11.06.2025 09:00, Evgeny Voropaev wrote:
> 2) About repairing fragmentation.
> 
> The original approach implemented in PG18 assumes that fragmentation 
> occurs during every `prune_freeze` operation. It happens because the 
> logic of the "redo"-function `heap_xlog_prune_freeze` assumes that 
> fragmentation has to be done by `heap_page_prune_execute`.


> Attempting to 
> omit fragmentation can result in page inconsistencies on the "redo"-side 
> (i.e. on a secondary node, or during the recovery process on primary 
> one).

No! Because patch uses flag in WAL record to instruct "redo"-side to omit
fragmentation as well if needed.

> So, implementation of optional repairing of fragmentation 
> conflicts with the basic assumption about "necessity of fragmentation". 
> In order to prevent inconsistency xid64v62 patch invokes 
> `heap_page_prune_and_freeze` with `repairFragmentation` equal to true 
> from everywhere in the patch code except from 
> `heap_page_prepare_for_xid` which uses `repairFragmentation=false`.
> 
> So, why must we perform a `heap_page_prune_execute` without a 
> fragmentation during the preparation of a page for xid?
> 
> What exactly would break if we did invoke `heap_page_prune_execute` with 
> `repairFragmentation=true` during performing of `heap_page_prepare_for_xid`?

Short answer:
- `repairFragmentation` parameter were added after investigating real
production issues with earlier patch versions.

Long answer:

How SELECT works with tuples on a page?
It:
- PINS the page
- takes CONTENT LOCK in SHARED mode
- collects HeapTuples which LOOKS INTO RAW PAGE with t_data.t_choice.t_heap
- RELEASES content lock
- may use those HeapTuples for indefinitely long time relying only on PIN
of the page.

I.e.
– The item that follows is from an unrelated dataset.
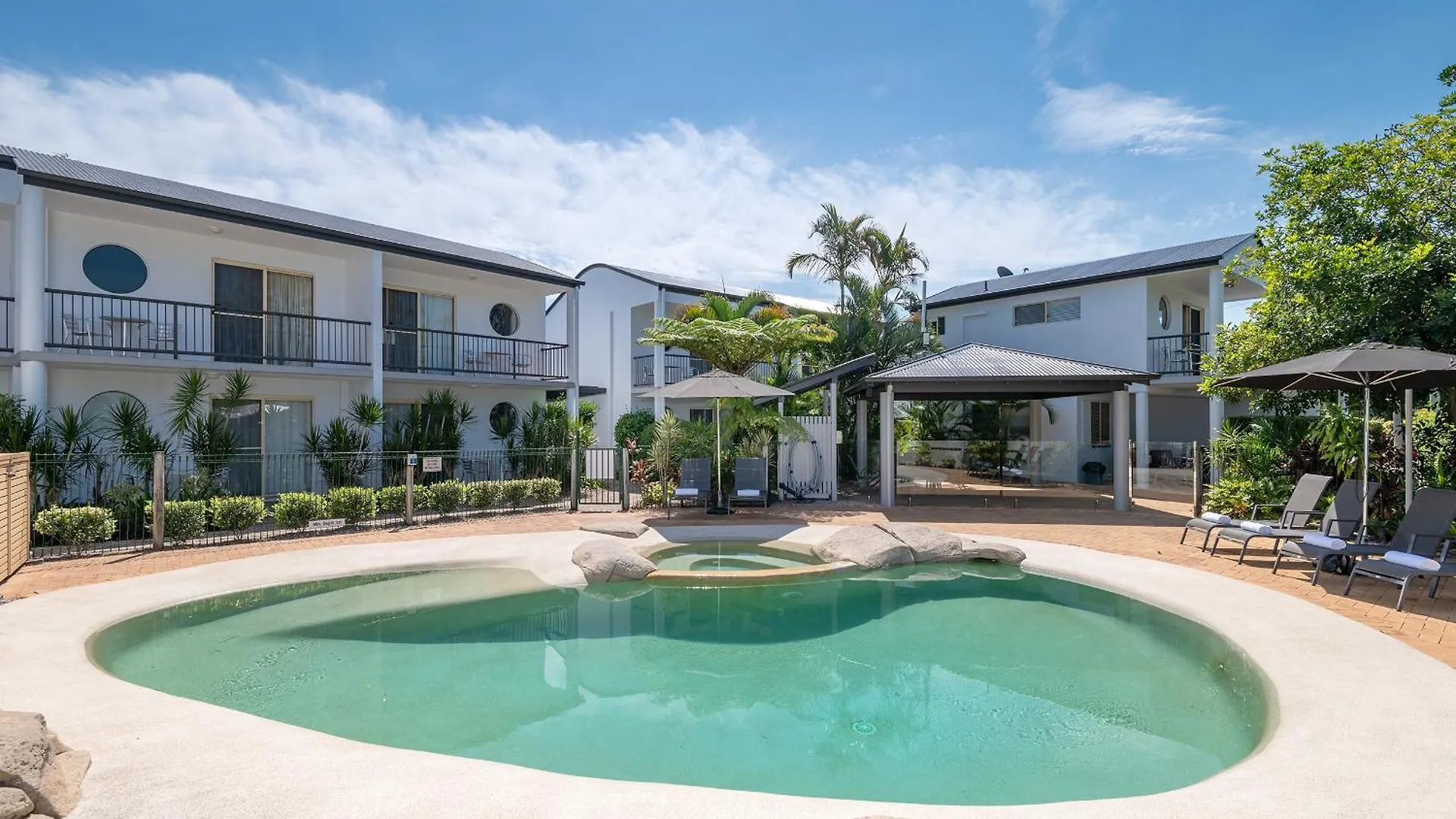 Anchor Motel Noosa Нусавиль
SELECT relies on the fact, while a page is pinned, tuples on the page
stay at the same positions in memory.

That is why LockBufferForCleanup and ConditionalLockBufferForCleanup checks
there is only single PIN on the page - only backend which will perform
cleanup is allowed to PIN the page.

UPDATE/INSERT/DELETE lock CONTENT LOCK in EXCLUSIVE mode because they may
add new tuples. But they are not allowed to move tuples because concurrent
backends allowed to read tuples from the page in exactly same moment.

-- 
regards
Yura Sokolov aka funny-falcon